Liputan6.com, Jakarta - Bupati Langkat, Syah Afandin terjaring dalam operasi tangkap tangan (OTT) yang dilakukan Komisi Pemberantasan Korupsi (KPK) di Sumatera Utara, Kamis (2/7/2026). Syah Afadin diamankan bersama enam orang lainnya di sejumlah wilayah berbeda di Sumatera Utara.
Juru Bicara KPK, Budi Prasetyo mengungkapkan penangkapan Syah Afandin berkaitan dengan kasus suap proyek dari pihak swasta.
Advertisement
"Perkara ini diduga terkait dengan suap proyek-proyek di Dinas Pendidikan dan juga Dinas Perkim (Perumahan dan Kawasan Permukiman)," ungkap Budi.
Budi menambahkan, tim penyidik KPK akan terus mendalami perkara yang menjerat Syah Afandin. Termasuk potensi gratifikasi di Langkat.
"Tentunya nanti juga akan didalami, ditelusuri, apakah juga ada penerimaan-penerimaan lainnya atau gratifikasi yang dilakukan oleh Bupati atau penyelenggara negara di wilayah Langkat," jelas Budi.
KPK Amankan 7 Orang
Dalam kesempatan yang sama, Budi mengungkap ada tujuh orang yang diamankan dalam OTT di Sumut. Selain Bupati Langkat, KPK juga meringkus enam orang lainnya.
"Bahwa dalam peristiwa tertangkap tangan tersebut, tim penyelidik mengamankan sejumlah tujuh orang.
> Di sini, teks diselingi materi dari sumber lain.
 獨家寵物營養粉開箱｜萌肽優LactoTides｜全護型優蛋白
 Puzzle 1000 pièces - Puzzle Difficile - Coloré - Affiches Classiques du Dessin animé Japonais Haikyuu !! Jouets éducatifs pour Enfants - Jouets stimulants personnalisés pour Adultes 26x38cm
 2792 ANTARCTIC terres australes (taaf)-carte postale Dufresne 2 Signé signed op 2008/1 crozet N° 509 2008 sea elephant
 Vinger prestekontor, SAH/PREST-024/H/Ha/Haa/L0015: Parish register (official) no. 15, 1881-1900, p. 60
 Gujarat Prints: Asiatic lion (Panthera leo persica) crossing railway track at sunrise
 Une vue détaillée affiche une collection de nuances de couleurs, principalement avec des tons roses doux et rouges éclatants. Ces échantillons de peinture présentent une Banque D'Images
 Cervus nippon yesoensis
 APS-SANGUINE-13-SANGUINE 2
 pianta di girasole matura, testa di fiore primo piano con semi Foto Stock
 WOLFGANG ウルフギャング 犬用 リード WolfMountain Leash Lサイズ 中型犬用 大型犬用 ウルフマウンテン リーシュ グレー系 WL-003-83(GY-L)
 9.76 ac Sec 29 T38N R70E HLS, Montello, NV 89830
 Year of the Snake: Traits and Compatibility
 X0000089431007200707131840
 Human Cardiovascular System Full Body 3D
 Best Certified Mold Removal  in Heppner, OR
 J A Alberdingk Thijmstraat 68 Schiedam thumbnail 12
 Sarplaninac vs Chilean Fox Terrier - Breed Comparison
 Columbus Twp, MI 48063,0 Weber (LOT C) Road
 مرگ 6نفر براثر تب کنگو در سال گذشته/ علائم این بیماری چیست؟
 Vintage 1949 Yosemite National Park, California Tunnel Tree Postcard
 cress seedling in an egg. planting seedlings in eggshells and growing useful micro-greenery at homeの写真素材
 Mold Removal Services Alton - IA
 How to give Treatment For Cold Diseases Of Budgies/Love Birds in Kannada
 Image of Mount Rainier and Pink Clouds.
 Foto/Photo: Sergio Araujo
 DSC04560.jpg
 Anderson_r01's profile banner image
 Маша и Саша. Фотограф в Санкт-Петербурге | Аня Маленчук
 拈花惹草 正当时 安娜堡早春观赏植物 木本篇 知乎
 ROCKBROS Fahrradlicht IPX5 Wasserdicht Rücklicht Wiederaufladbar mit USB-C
Satu orang merupakan penyelenggara negara, satu orang merupakan ASN di Kabupaten Langkat, dan lima orang lainnya merupakan pihak swasta," kata Budi di Gedung Merah Putih KPK, Jumat (3/7).
"Dari tujuh orang yang diamankan tersebut, salah satunya adalah Bupati Langkat. Adapun kepada tujuh orang yang diamankan dalam peristiwa tertangkap tangan ini diamankan di wilayah Langkat, Binjai, dan juga Medan," sambungnya
Selain tujuh orang, Budi juga mengungkap bahwa tim penyelidik KPK mengamankan sejumlah barang bukti. Salah satunya adalah uang tunai senilai ratusan juta rupiah
"Adapun dalam peristiwa tertangkap tangan ini, tim juga mengamankan barang bukti di antaranya uang tunai senilai ratusan juta rupiah yang diduga merupakan bagian dari fee proyek yang diberikan oleh pihak swasta kepada Bupati," jelas Budi.
Para pihak yang diamankan di tiga lokasi tersebut menjalani pemeriksaan awal di Polrestabes Medan.